Exercise directions:
Wherever the word "Apartamento" occurs in the lines below, copy the whole line.

Records excerpted from a collection:
▬▬▬▬▬▬▬▬▬▬

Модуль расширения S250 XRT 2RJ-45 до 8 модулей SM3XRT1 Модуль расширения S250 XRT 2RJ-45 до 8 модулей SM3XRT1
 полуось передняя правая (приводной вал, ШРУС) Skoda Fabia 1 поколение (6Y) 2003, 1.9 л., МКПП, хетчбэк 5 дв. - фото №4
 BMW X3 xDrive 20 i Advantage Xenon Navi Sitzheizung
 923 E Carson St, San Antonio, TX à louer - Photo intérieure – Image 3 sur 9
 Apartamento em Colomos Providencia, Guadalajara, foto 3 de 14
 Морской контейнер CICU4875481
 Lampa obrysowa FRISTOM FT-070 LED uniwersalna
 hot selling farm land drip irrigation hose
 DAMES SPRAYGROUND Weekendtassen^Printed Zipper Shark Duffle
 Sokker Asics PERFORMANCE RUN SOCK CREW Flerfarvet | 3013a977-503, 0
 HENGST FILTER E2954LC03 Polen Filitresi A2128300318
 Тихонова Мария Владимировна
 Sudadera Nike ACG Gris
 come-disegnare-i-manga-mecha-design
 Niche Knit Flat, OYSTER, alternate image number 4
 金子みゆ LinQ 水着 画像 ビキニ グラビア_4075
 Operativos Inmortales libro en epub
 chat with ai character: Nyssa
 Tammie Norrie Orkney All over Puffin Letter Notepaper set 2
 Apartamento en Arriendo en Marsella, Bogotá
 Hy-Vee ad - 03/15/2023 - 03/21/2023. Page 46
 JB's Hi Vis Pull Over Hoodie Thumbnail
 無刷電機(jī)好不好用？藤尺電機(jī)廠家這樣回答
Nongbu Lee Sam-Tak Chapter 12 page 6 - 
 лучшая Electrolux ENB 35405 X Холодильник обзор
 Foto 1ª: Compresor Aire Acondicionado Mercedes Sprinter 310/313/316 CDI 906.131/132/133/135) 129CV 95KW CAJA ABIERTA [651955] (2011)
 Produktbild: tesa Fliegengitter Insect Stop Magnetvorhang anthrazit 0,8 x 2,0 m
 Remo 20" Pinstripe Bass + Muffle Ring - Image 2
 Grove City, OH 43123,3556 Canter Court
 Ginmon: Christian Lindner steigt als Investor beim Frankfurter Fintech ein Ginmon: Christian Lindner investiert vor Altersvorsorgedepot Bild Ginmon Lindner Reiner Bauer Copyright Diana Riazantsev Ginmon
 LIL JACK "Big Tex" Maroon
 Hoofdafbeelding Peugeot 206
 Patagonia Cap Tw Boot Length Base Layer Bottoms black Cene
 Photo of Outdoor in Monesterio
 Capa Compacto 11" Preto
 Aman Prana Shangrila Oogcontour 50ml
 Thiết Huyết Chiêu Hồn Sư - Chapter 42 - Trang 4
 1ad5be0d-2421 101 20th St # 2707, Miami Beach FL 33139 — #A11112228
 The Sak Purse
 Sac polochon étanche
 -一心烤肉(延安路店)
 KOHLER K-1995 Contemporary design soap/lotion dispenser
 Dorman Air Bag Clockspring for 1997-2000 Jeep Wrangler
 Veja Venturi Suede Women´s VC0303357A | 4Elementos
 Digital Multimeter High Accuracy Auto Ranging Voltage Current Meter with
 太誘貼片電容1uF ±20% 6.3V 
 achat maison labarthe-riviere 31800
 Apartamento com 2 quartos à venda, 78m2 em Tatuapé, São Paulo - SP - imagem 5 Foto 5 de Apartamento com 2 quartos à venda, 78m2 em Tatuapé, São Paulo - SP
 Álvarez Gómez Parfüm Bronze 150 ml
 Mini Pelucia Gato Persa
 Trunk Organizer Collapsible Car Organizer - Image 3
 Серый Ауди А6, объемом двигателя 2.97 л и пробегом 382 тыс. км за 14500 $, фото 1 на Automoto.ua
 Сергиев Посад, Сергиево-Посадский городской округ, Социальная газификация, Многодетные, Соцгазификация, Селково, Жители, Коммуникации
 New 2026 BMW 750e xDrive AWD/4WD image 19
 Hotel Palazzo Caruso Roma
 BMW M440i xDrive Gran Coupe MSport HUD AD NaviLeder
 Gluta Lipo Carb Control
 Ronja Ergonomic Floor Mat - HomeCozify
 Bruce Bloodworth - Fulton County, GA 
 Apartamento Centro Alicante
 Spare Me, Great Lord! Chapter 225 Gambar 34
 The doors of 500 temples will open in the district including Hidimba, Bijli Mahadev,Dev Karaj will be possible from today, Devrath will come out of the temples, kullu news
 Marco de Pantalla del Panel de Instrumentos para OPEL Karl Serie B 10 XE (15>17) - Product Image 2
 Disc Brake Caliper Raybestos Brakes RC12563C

▬▬▬▬▬▬▬▬▬▬

Expected answer:
 Apartamento em Colomos Providencia, Guadalajara, foto 3 de 14
 Apartamento en Arriendo en Marsella, Bogotá
 Apartamento com 2 quartos à venda, 78m2 em Tatuapé, São Paulo - SP - imagem 5 Foto 5 de Apartamento com 2 quartos à venda, 78m2 em Tatuapé, São Paulo - SP
 Apartamento Centro Alicante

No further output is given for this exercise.